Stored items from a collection
########################################
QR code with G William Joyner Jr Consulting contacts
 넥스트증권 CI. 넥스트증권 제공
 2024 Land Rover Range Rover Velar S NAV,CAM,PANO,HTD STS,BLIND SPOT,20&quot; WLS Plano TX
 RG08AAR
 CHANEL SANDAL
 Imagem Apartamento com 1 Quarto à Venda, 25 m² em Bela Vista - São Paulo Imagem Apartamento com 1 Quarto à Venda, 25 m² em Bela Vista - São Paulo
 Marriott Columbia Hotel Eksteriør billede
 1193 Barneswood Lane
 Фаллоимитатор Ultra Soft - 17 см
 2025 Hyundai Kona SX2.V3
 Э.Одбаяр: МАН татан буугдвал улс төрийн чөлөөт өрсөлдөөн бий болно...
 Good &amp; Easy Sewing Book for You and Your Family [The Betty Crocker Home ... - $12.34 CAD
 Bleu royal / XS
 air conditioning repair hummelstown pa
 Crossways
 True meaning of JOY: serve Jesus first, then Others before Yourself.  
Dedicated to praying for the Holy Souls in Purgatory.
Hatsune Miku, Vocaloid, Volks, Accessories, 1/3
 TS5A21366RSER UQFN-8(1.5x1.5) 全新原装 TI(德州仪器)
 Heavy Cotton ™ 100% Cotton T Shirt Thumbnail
########################################
Task brief: In the entries, the line containing "Marriott Columbia Hotel Eksteriør billede" and every line after it through the last are to be duplicated exactly, and no other line is to be included.

Result:
 Marriott Columbia Hotel Eksteriør billede
 1193 Barneswood Lane
 Фаллоимитатор Ultra Soft - 17 см
 2025 Hyundai Kona SX2.V3
 Э.Одбаяр: МАН татан буугдвал улс төрийн чөлөөт өрсөлдөөн бий болно...
 Good &amp; Easy Sewing Book for You and Your Family [The Betty Crocker Home ... - $12.34 CAD
 Bleu royal / XS
 air conditioning repair hummelstown pa
 Crossways
 True meaning of JOY: serve Jesus first, then Others before Yourself.  
Dedicated to praying for the Holy Souls in Purgatory.
Hatsune Miku, Vocaloid, Volks, Accessories, 1/3
 TS5A21366RSER UQFN-8(1.5x1.5) 全新原装 TI(德州仪器)
 Heavy Cotton ™ 100% Cotton T Shirt Thumbnail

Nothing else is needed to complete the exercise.